Inspector Customs Riaz Ahmad, who had brought the detained objects to the office of the DOAM to confirm that the items were antiquities, said the package, with a name and address tag, was found during a manual inspection. “The passenger claimed the items were gifts but we were not convinced,” he said.
Initially the archaeological experts placed the Balochistan pottery and coins, probably from Greek and Kushan periods, in the Gandhara region, and figurines carved out of semi-precious stones crystals, turquoise, carnelian and agate, and ancient seals and beads, between 3,000 BC and 5th Century AD.
The confiscated items included objects of later stages too, such as the Islamic period.
Archaeologists were also surprised that these items had been collected from vast regions, not just Balochistan or Gandhara.
“The design and decorations of some antiquities suggest that they are from Central Asian region, and areas as far away as around the Aegean Sea above the Mediterranean Sea along the shores of Greece and Turkey,” said another expert holding a small leather object.
It was a little over an inch long and probably worn as amulet. Concealed inside it was the figure of Christ on a cross and two tiny silver coins.
When the official tried to read the inscriptions possibly in French, under a microscope, it said, The League of Sacred Heart of Jesus, a Catholic organisation established in 1800 in France that particularly focused on the education of girls.
Nearly, 100 glass items, which appeared to be Gandhara specific, were also part of the collection. But the experts doubted they were originals.
The decorative coating that shone like pearl came off when the official scratched the surface.
“This is definitely a copy of the glass pottery and other items found in the Gandhara in Taxila.
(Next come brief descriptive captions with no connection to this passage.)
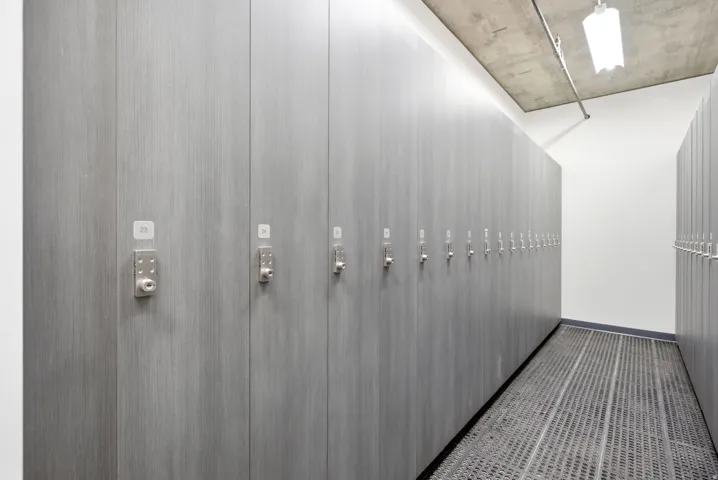 Wall-mounted storage lockers with individual locks and a concrete ceiling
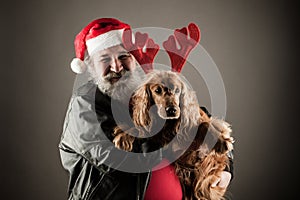 Santa Claus with his dog as Rudolph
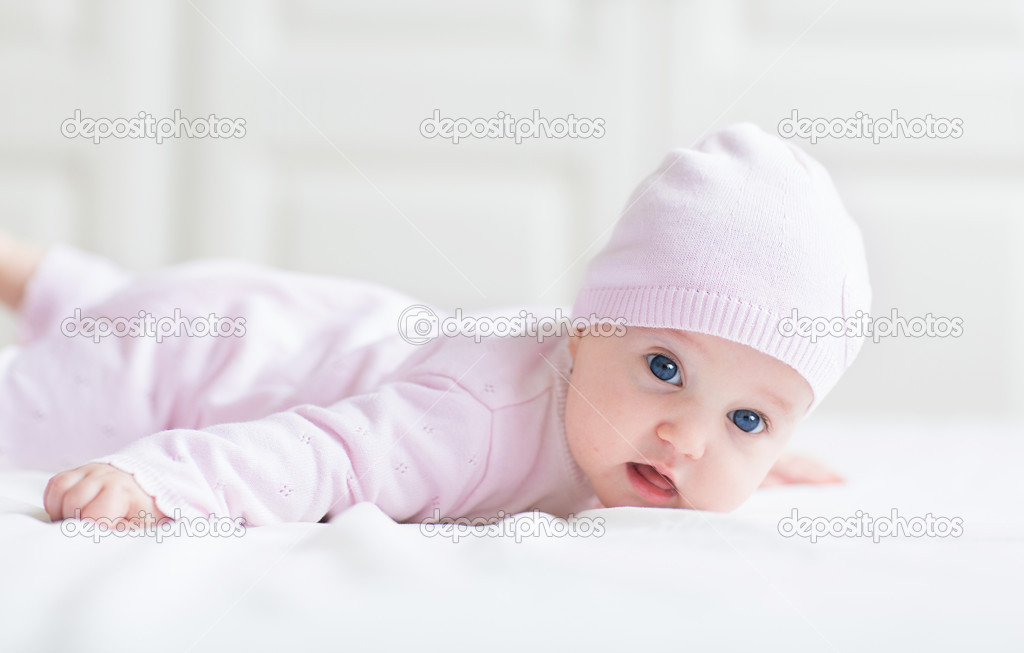 Beautiful baby girl with big blue eyes on a white blanket playing on her tummy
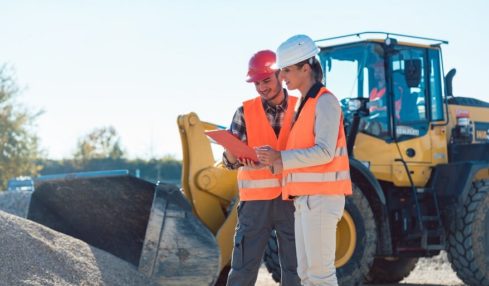 Zwei Straßenwärter (rechts weiblich, links männlich) auf einer Baustelle.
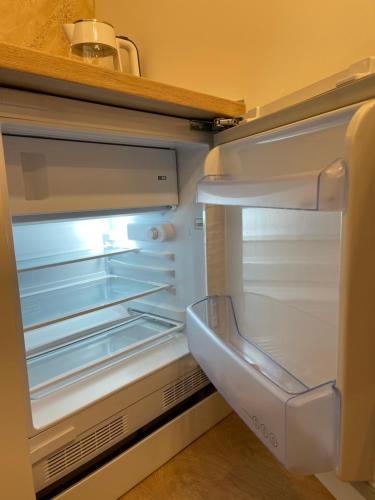 an empty refrigerator with its door open in a kitchen at Honey Valley Bjelašnica in Bjelašnica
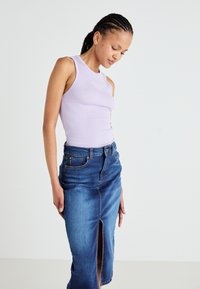 Top a maniche lunghe rib altalena di colore lilla, design aderente. Abbinato a una gonna di jeans a vita alta con uno spacco frontale e un classico lavaggio blu.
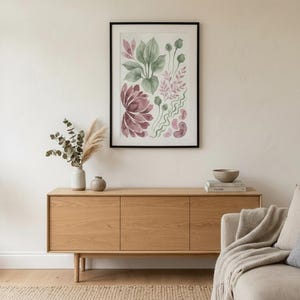 May include: A framed wall art print featuring a watercolour botanical illustration with various green leaves, pinkish-purple flower petals, and abstract wavy shapes on a white background, enclosed in a thin black rectangular frame.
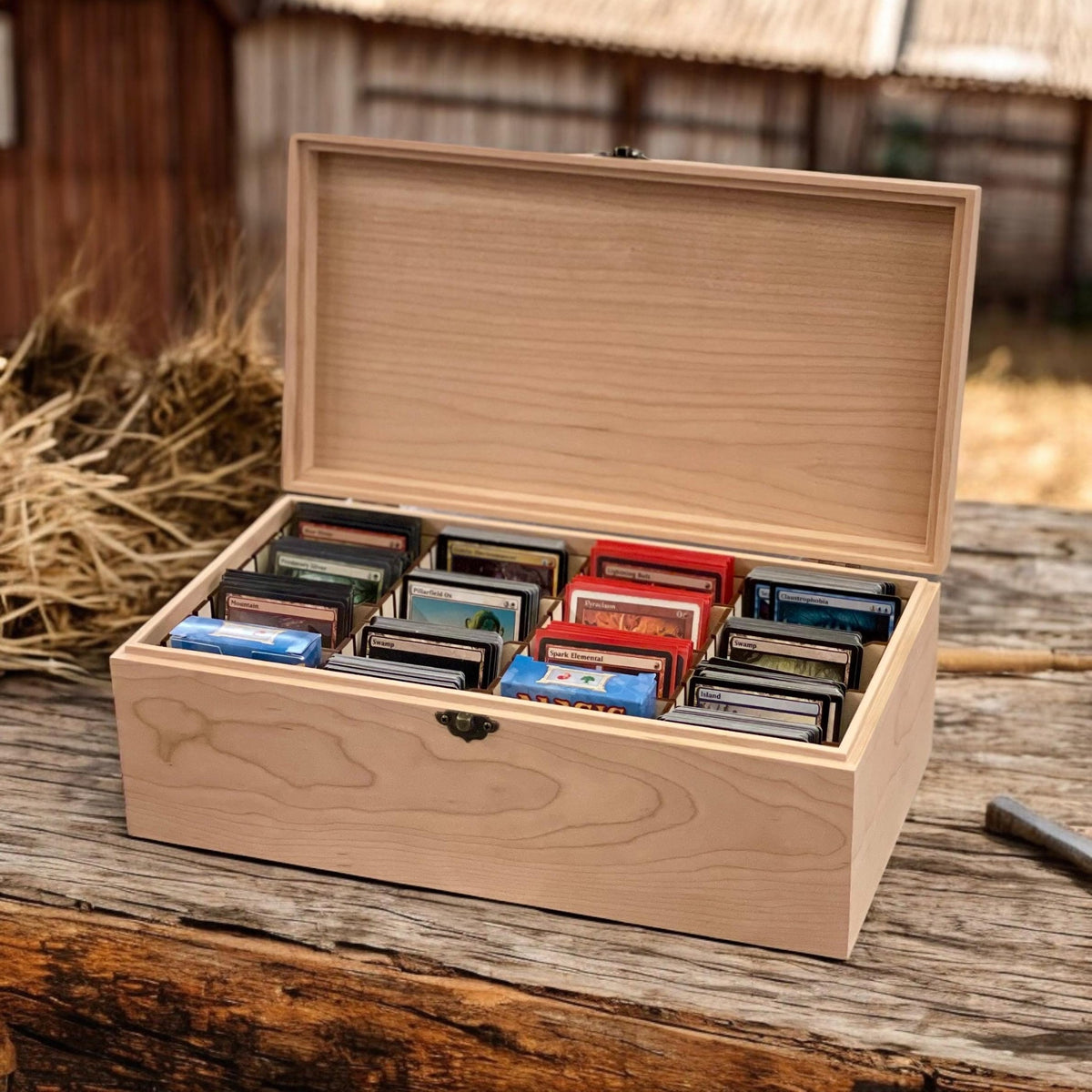 Maple slim 4-row wooden card storage box, 13⅜ x 7⅛ x 4¾ in, lid open and filled with sleeved trading cards, rustic setting, no engraving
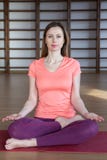 Young woman in the lotus position while meditating royalty free stock photography Young woman in the lotus position while meditating royalty free stock photography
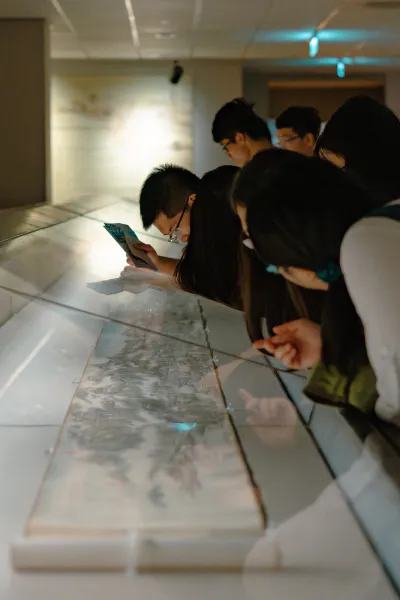People watching scroll in National Palace Museum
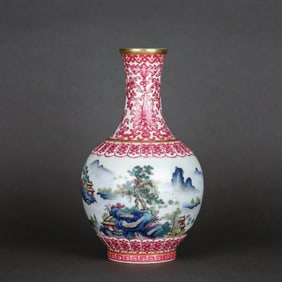 AN AGATE-RED 'INTERLOCKING FLOWERS' FAMILLE ROSE 'LANDSCAPE' VASE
We do not know how they achieved it hundreds of years ago, but the rainbow-like colours were incorporated in the glass and gleam even today,” said the expert.
Other original and interesting items included an arrowhead and a spear end and bottle caps made of steel and bones.
The DOAM still has to verify some of the figurines that it counts among the “original antiques”.
Both the original and copies of the antiquities were returned to the Customs warehouse last week. There they would sit with other confiscated items until special customs courts decide their fate, or hands them to the DOAM. This could take months, even years.
A letter from the DOAM accompanied the items sent back to the Customs office said most of the items were antiquities and should be handed over to DOAM.
“Even the counterfeit objects should be returned to the DOAM according to law. The law does not permit anyone to produce copies/counterfeit unless the director-general has approved and an official permission is given,” a DOAM official said.
It took the legal procedures seven years to complete for the last such handing over to DOAM.